Search the entries below for "One more example.". Give that line and all the lines after it again, exactly, through the last, without pictures.

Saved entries
▬▬▬▬▬▬▬▬▬▬

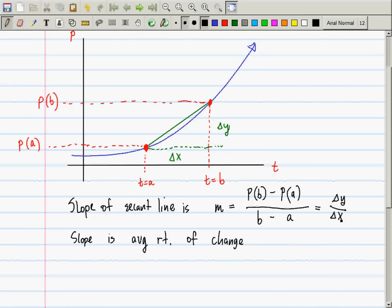Now, if I hold point a fixed and move point b toward a in the limit until the two points coincide, the result is no longer a secant line but a tangent line. It doesn't make sense to say 'find the average rate of change at time a' because algebraically that would be p(a) minus p(a) over a minus a, which is undefined.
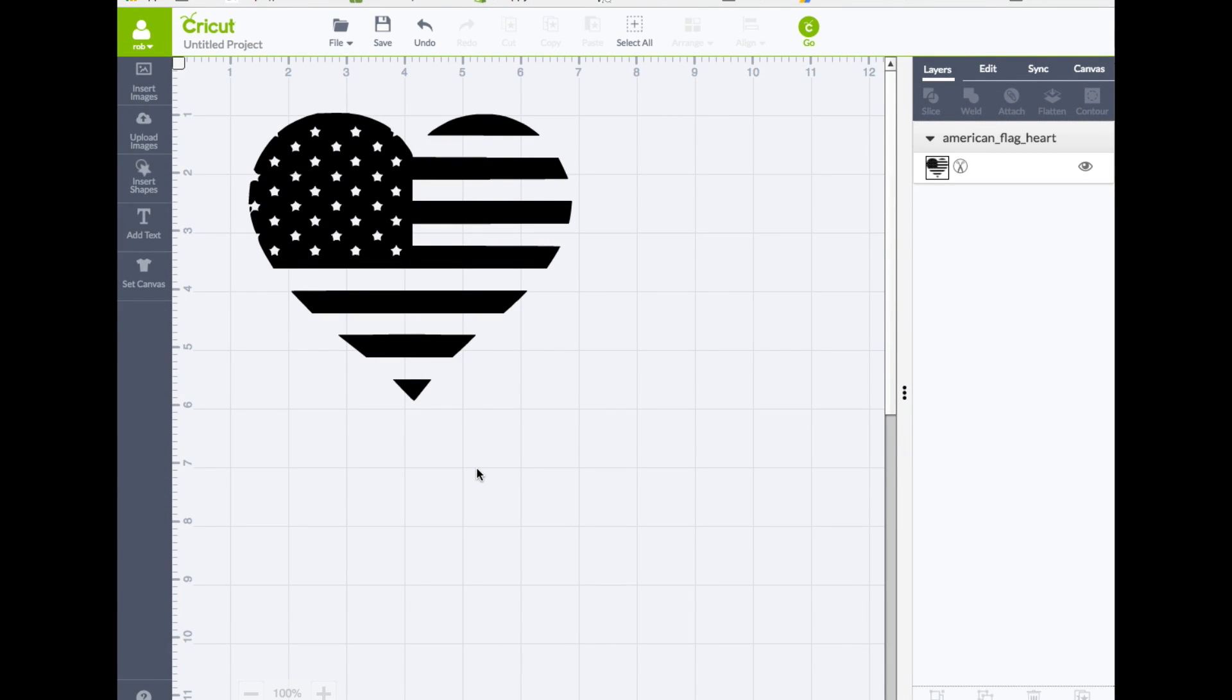we're going to address a Facebook question that came up. They had this flag heart right here and they would like to have one of the stripes be a different color. All right. So let's go ahead and show you how you can do this inside of Cricut Design Space.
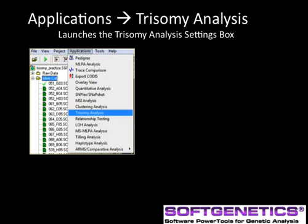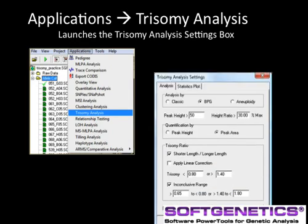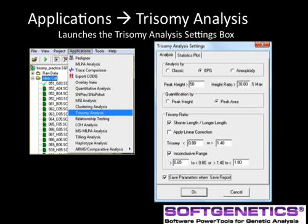After confirming allele calls in the main analysis window, link directly to trisomy analysis from the application's drop-down menu. There is no need to transfer data. The trisomy analysis application is directly linked in GeneMarker. The trisomy analysis settings box includes a tab for analysis settings and statistics plot.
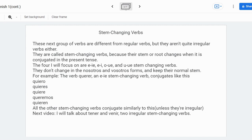For example, let's take the verb querer, which means to want or to love. It's a stem-changing verb, and its e changes to ie. It conjugates like this: yo quiero, tú quieres, él/ella/usted quiere, nosotros queremos, and ellos/ellas/ustedes quieren. I'm not going to include the vosotros form because you can guess it based on the nosotros form right here.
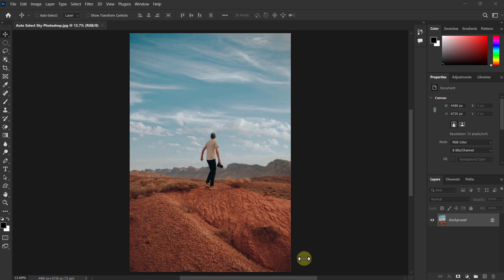Today I will show a new feature of Adobe Photoshop 2023. Learn how to automatically select the sky of your photo with one click.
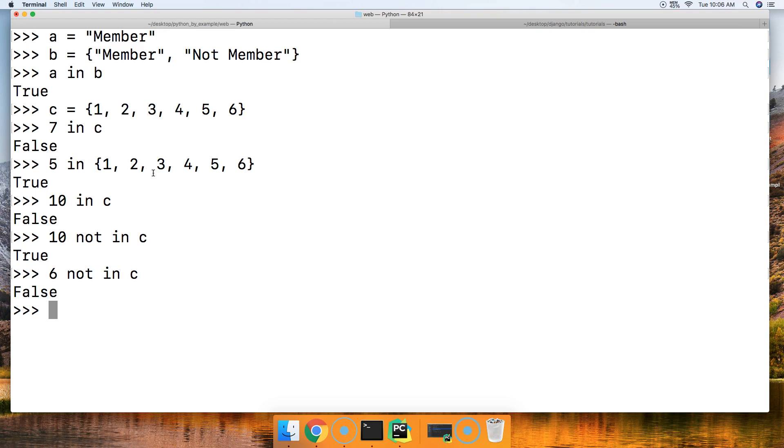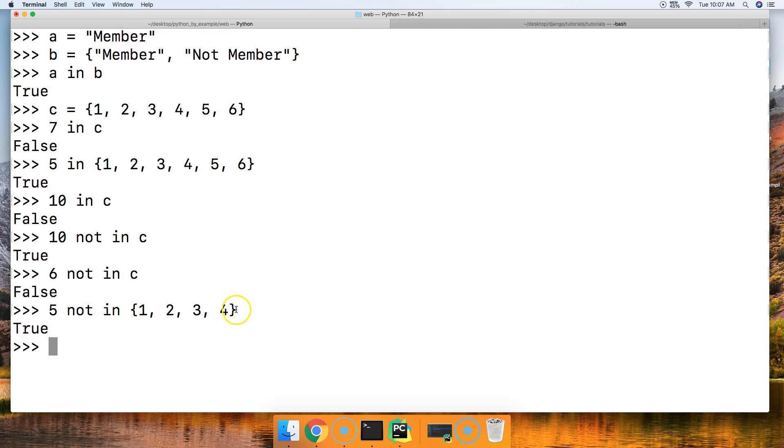One more example. Let's do a 5 not in and we'll just create another set: 1, 2, 3, and 4. Close out that set. True. 5 is not in 1, 2, 3, and 4 set.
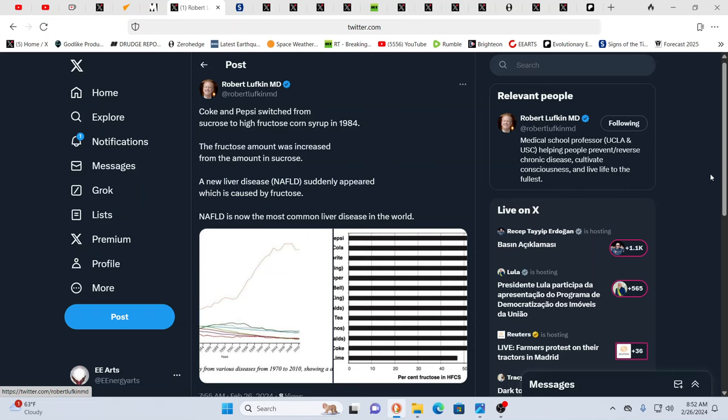Coke and Pepsi switched from sucrose to high fructose corn syrup in 1984. The fructose amount was increased from the amount in sucrose and new liver disease suddenly appeared which is caused by fructose and is now the most common disease in the world by far, as you could see skyrocketing. This is how your indoctrination into, you need a break tonight, just go to KFC, get yourself some whatever, and supersize your drinks. This is supersizing us straight into the grave.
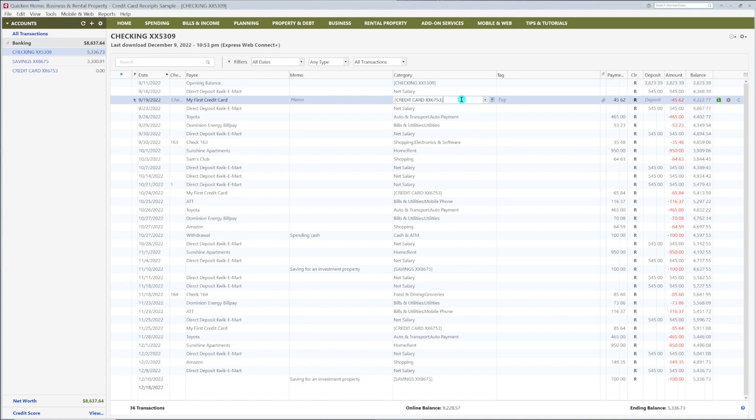Notice how this category is in brackets. This means that the amount here is being transferred from this account to another. To see where this money is going,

▬▬▬▬▬▬▬▬▬▬

▸ TASK RESULT:
One more example. Let's do a 5 not in and we'll just create another set: 1, 2, 3, and 4. Close out that set. True. 5 is not in 1, 2, 3, and 4 set.
Coke and Pepsi switched from sucrose to high fructose corn syrup in 1984. The fructose amount was increased from the amount in sucrose and new liver disease suddenly appeared which is caused by fructose and is now the most common disease in the world by far, as you could see skyrocketing. This is how your indoctrination into, you need a break tonight, just go to KFC, get yourself some whatever, and supersize your drinks. This is supersizing us straight into the grave.
Notice how this category is in brackets. This means that the amount here is being transferred from this account to another. To see where this money is going,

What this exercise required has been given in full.